第四章 榫
书名:骨笛 作者:余生随芯 本章字数:2612字 发布时间:2026-05-23

他从废墟出发,沿着横线继续走。老人给的简图上,第二个污染源叫“榫”。图是用炭条画在毛毡碎片上的,线条粗糙,但标注很清楚——榫在横线折弯处,距橱大约三里,中间隔着一片粟茬田和一条干涸的灌溉渠。他已经走过了粟茬田,走过了灌溉渠,竹杖和井符在身后越来越远。碎石路在脚下重新变成冻土,冻土又变成碎石,碎石又变成石板。横线一直在,嵌在不同的路面材质里,像一道缝了又拆、拆了又缝的旧伤疤。

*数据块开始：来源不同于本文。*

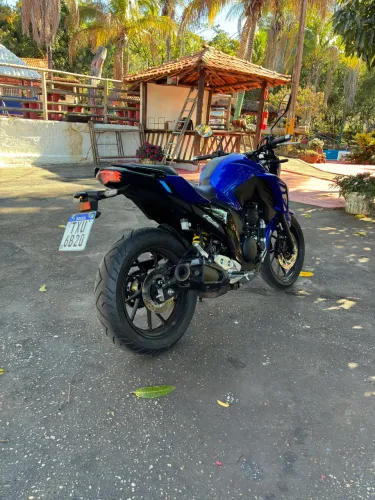 Fazer 250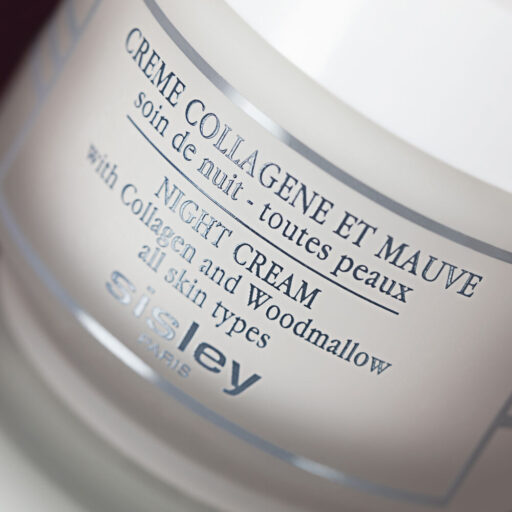 Sisley Paris Night Cream With Collagen And Woodmallow - Image 2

他注意到一件事。自从他离开那间空屋子之后,雪停了。不是渐渐停的,是忽然之间——他跨过灌溉渠的时候雪还在下,粟粒大的雪片打在脸上有极细微的触感。然后他走过竹杖,雪片就没了。天还是灰的,但灰里透出一种不均匀的纹理——不是云层,是某种更巨大的、正在极其缓慢地蠕动的东西,贴在天的背面。他没有抬头细看。他知道有些东西,看见了就等于被看见。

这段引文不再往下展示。